Prime Minister Albanese pledged in May to end divisive political “climate wars” and make Australia a “renewable energy superpower.”

In September, Australia’s parliament passed a bill legislating a 43 percent emissions reduction target by 2030. The Labor government gave strong support to renewable energy projects, and for the first time, an Australian environmental minister said she would reject a new coal mine because of its possible impact on the nearby Great Barrier Reef.

However, the Albanese government is still actively supporting the expansion of fossil fuels industries, denying responsibility for emissions created by the vast amounts of coal and gas Australia exports overseas and flatly ruling out any discussion on banning new fossil fuel projects.

In September, in a ground-breaking decision, the United Nations Human Rights Committee found that the Australian government had violated the rights of Indigenous Torres Strait Islanders by failing to adequately protect them against the adverse impacts of climate change. This failure violated their rights to enjoy their culture and be free from arbitrary interferences with their private life, family, and home. The committee ordered the government to pay adequate compensation to the claimants and secure the communities continued safe existence on the islands, as well as avoiding similar violations in the future.

Foreign Policy

Australia’s relationship with the Chinese government remained strained, while the country refocuses its trade and diplomatic relationships with members of the Quad, (Australia, Japan, India, the United States) and Southeast Asian and Pacific nations as part of an effort to counter Beijing's influence in the region.
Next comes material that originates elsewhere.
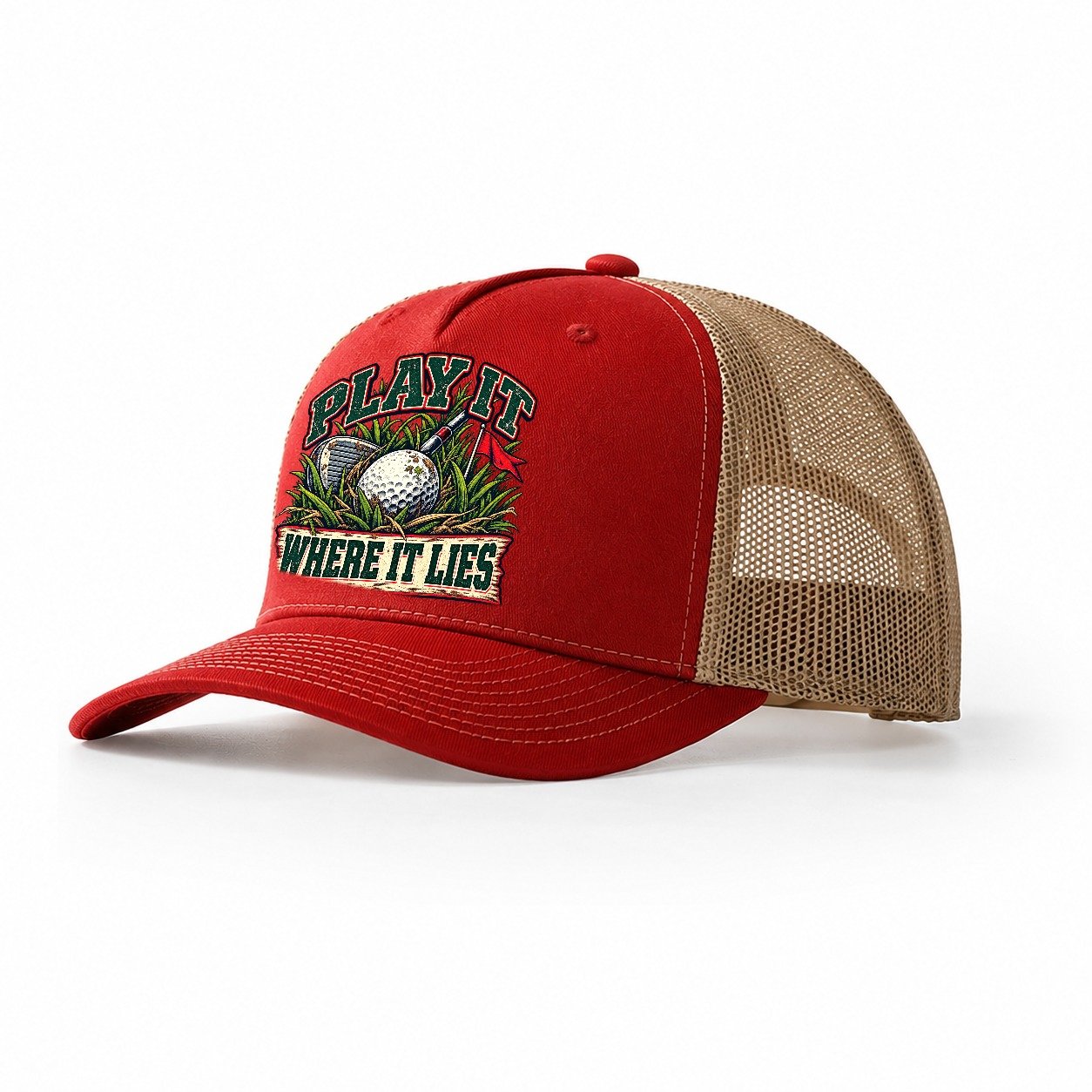 Play It Where It Lies Golf Life Trucker Hat – Red Khaki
With the Association of Southeast Asian Nations (ASEAN) countries, the Australian government has deferred to principles of ASEAN centrality and “maintaining a region which is peaceful, stable and prosperous, in which sovereignty is respected.” It avoids public discussion of rights concerns with the ASEAN member governments of Vietnam, Philippines, Cambodia, and Thailand. The same reluctance to publicly discuss human rights issues is also evident in Canberra’s relationship with the Modi government in India.

Australia used its “Magnitsky-style” sanctions legislation for the first time in March, targeting Russian individuals responsible for the mistreatment and death of Russian lawyer Sergei Magnitsky. Since then, the government has enacted no new targeted sanctions under the regime.
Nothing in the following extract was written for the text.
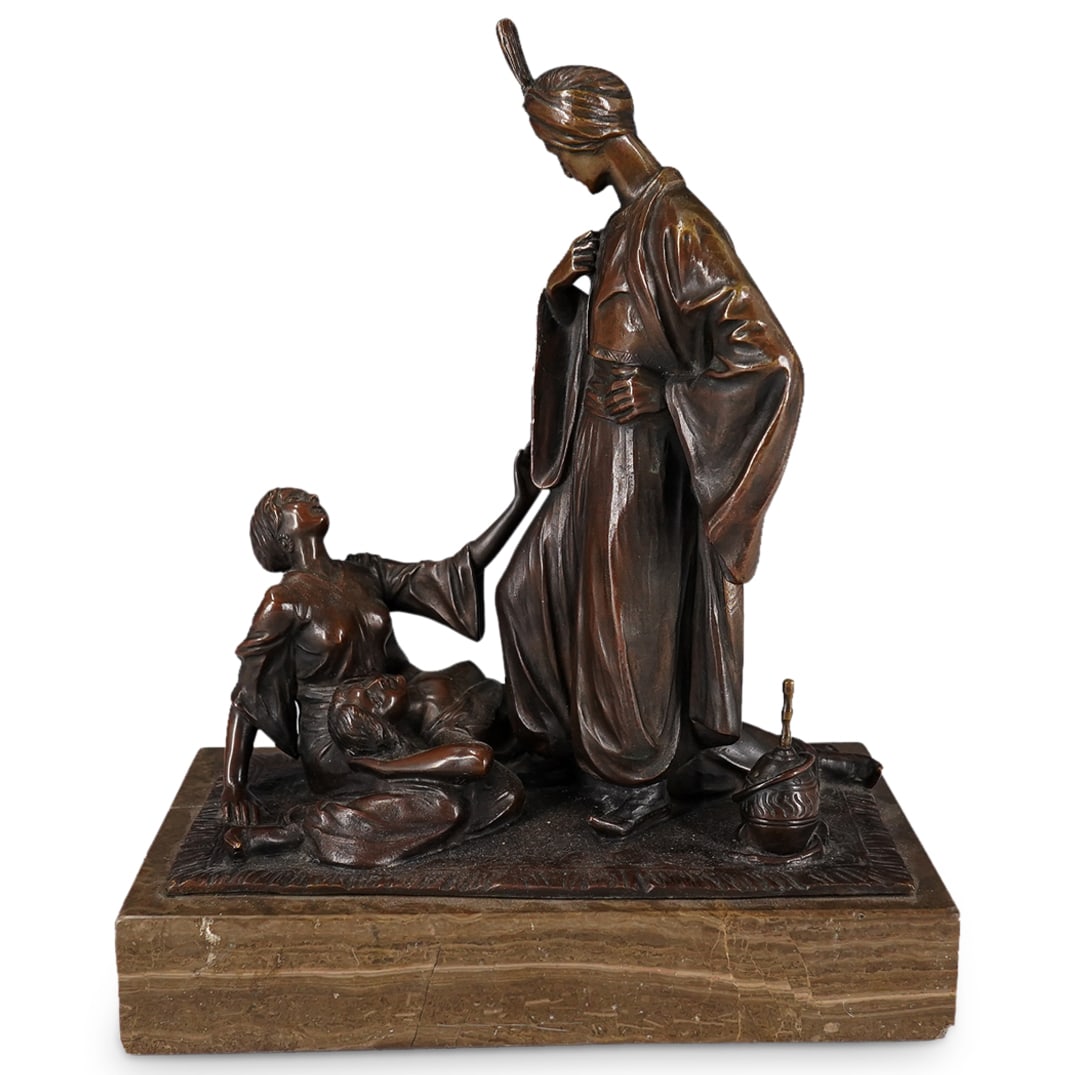 Fritz Winkler (German, 1894-1964) Harem Bronze Sculpture: DESCRIPTION: Fritz Winkler (1894-1964) Germany, antique "The Harem" bronze sculpture depicting a robed gentleman standing looking down at two women. One woman is looking up at him reaching for his arm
Unlike the United Kingdom, United States, Canada, and the European Union, the Australian government has not imposed targeted sanctions on senior military leaders and entities in Myanmar responsible for the February 2021 coup and ensuing rights violations.

Australia joined other UN member countries in condemning China’s serious abuses in Xinjiang, following the groundbreaking report by UN High Commissioner for Human Rights Michelle Bachelet.
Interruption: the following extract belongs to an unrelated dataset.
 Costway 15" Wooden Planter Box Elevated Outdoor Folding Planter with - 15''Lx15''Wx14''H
However, the Australian government has not joined the EU, UK, US, and Canada in imposing targeted sanctions on senior Chinese officials who have been accused of serious human rights violations against Uyghurs and other Turkic Muslim communities in Xinjiang.

In opposition, the Australian Labor Party pledged to strengthen Australia’s Modern Slavery Act to address forced labor around the world, including in Xinjiang. The current legislation under review does not respond to calls to introduce stand-alone legislation similar to the US that blocks the import of goods made with forced labor, both from Xinjiang and other locations inside and outside of China.

Australia has not endorsed the Safe Schools Declaration, an intergovernmental pledge now supported by 112 countries to protect education in times of conflict.